The second question may be rephrased in this way: can there be such a thing as a general glut? This is a completely different question from the first, and the answer, as a consequence of the general glut debate, was that no, there is no such thing as a general glut, demand deficiency does not cause recessions. James Mill’s answer to this question was, in part, premised on Say’s answer to the first but were not an answer to the first. They are separate but related issues. Mill used Say’s discussion on the basis for demand to explain why a general glut was impossible.

It is because James Mill was the first, so far as I know, to answer the second question that I see him to have been the first to frame the classical statement on what is now called Say’s Law. The General Theory is about whether demand deficiency, a general glut, is possible. And when one finally accepts the classical answer to question 2, as FH may have done, then, but only then, the economic issues revolve around 1, which is what kind of supply will actually create demand.

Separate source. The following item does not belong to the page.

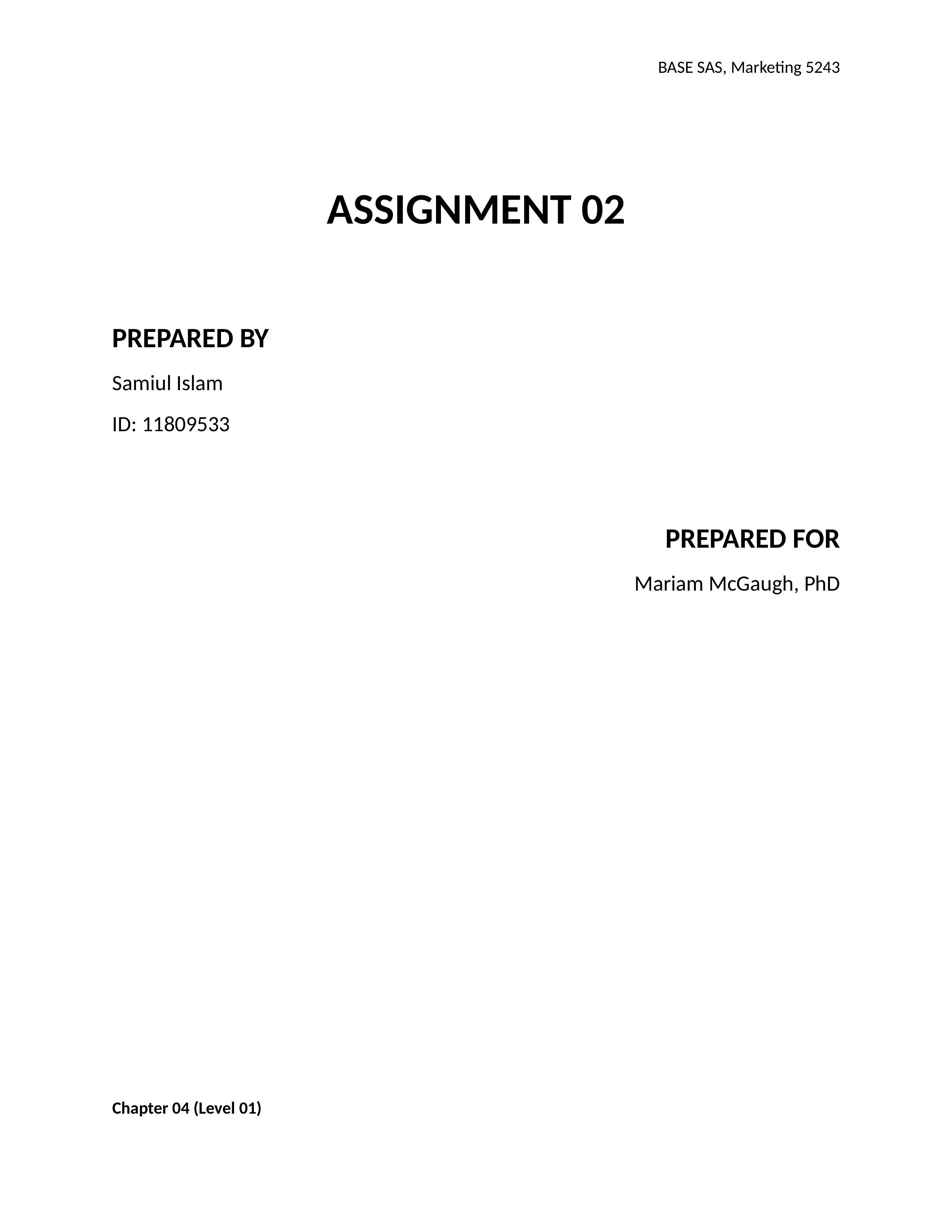 Assignment 02_dzt9x90u9pg_page1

And then, in answering that question, we can ask ourselves whether the Keynesian notion that spending on anything at all will do the trick is a correct answer. To a classical economist, it need hardly be said, the idea that anyone would think non-value-adding production could create growth and employment is too ridiculous even to contemplate. Only a modern economist might think so, but to anyone from the classical tradition, the idea is still ridiculous.

Daniel also points out that Fred Taylor had used the phrase “Say’s Law” earlier than 1921. This is true, but 1921 nevertheless remains the significant date, which is why I chose my words very carefully. What I wrote was this:

The first thing that might be noted is that the term ‘Say’s Law’ is not classical in origin but was consciously invented by Fred Manville Taylor and introduced into general economic discourse with the publication of his Principles of Economics text in 1921.

If you go to my Say’s Law text (pp 148-149 and especially the footnote), you will find that I discuss Taylor’s invention of the term, including his first use in 1909 in an obscure article on how to teach economics. He then brings Say’s Law into his introductory text, but the first seven editions were student editions distributed only within the University of Michigan. It is only following the publication of the eighth edition as a general text with commercial distribution that the term enters general economic discourse. It is the publication of the book for sale outside the U of M campus that brings the term to a wider public, and it is only after 1921 that it enters into more general discourse.

But it is really neither here nor there whether Taylor invented the term in 1909 or 1921. What is important to understand is that the term was invented in the twentieth century and it was invented by Taylor. What is not in any way affected by the dating is the need recognise that Keynes must, as an absolute certainty, have been reading other things about the various issues that end up in The General Theory that he never mentioned to anyone else. The locked-himself-in-a-room-and-came-up-with-these-ideas-one-by-one version, as he tells the tale himself and is now repeated as gospel, is obviously untrue since Keynes had to have picked up the phrase from somewhere else. If not from Taylor than from someone who had read Taylor.

Then, on the third point raised, if it can be said, as Daniel says, that my stating that everyone accepted Say’s Law through until 1936 was only “approximately true in the English, French and Italian literature”, that’s more than good enough for me. I perfectly well understand that there were some very few and generally obscure dissenters, particularly in English. I even discuss this very weak opposition in my book, with the two (three, I guess) most important dissenters in English having been John Hobson on the one hand and Foster and Catchings on the other. Keynes can himself name only five in his “Brave Army of Heretics” (GT 371), and if you look at the list and choose only his contemporaries, aside from Hobson who is iffy, you are looking at a very dubious list of authorities, namely, Silvio Geselle and Major Douglas. During the period up until 1936, there may hardly have been a theory more universally accepted than Say’s Law.